BCP-47 language code (e.g. "en", "zh", "pt-BR") or "auto" for automatic language detection. Required — xAI returns 400 if omitted. Supported codes: auto, en, ar-EG, ar-SA, ar-AE, bn, zh, fr, de, hi, id, it, ja, ko, pt-BR, pt-PT, ru, es-MX, es-ES, tr, vi.

optimize_streaming_latency number optional

Latency optimization for streaming synthesis. 0 (default): no optimization, best audio quality. 1: reduced first-chunk size for lower time-to-first-audio with minor quality tradeoff.

output_format object optional

Output audio format. Defaults to MP3 at 24 kHz / 128 kbps when omitted.

speed number optional

Speech speed multiplier. 1.0 is normal speed. Range: 0.7 to 1.5. Defaults to 1.0. Only used in WebSocket mode.

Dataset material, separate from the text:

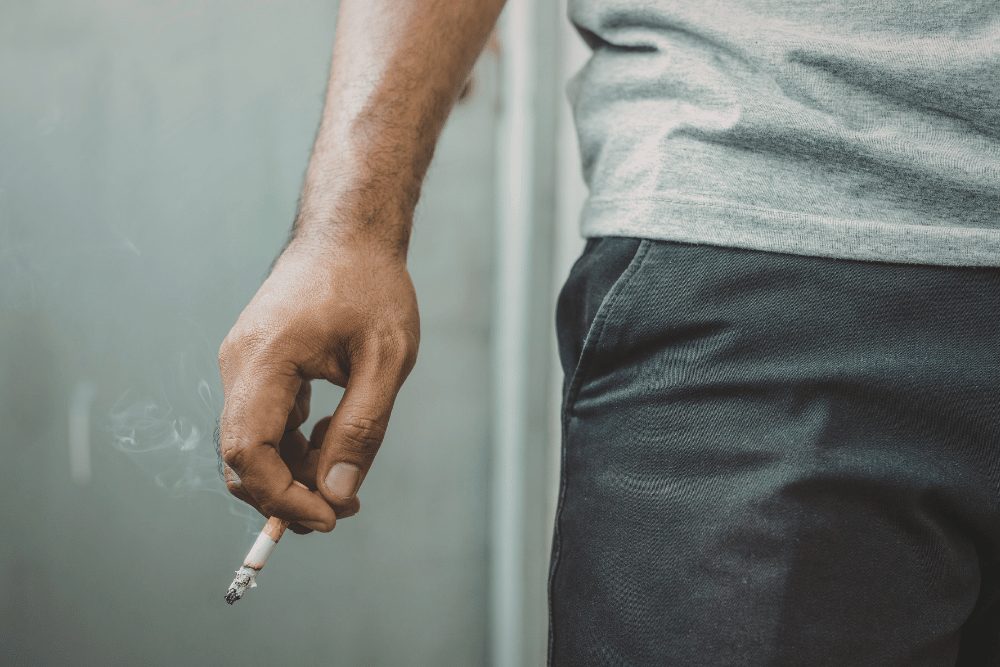 喫煙習慣がある人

text_normalization boolean optional

When true, normalizes written-form text into spoken-form before synthesis (e.g. "Dr." → "Doctor", "100" → "one hundred"). Defaults to false.

voice_id string optional

Voice for synthesis. Defaults to "eve". Built-in voices: eve (energetic), ara (warm), rex (confident), sal (balanced), leo (authoritative). Custom voice IDs from /v1/tts/voices are also accepted. Case-insensitive — "Eve", "EVE", and "eve" are equivalent.

Output

audio: Presigned R2 URL for the generated audio file. MIME type reflects the requested codec (audio/mpeg for mp3, audio/wav for wav, etc.).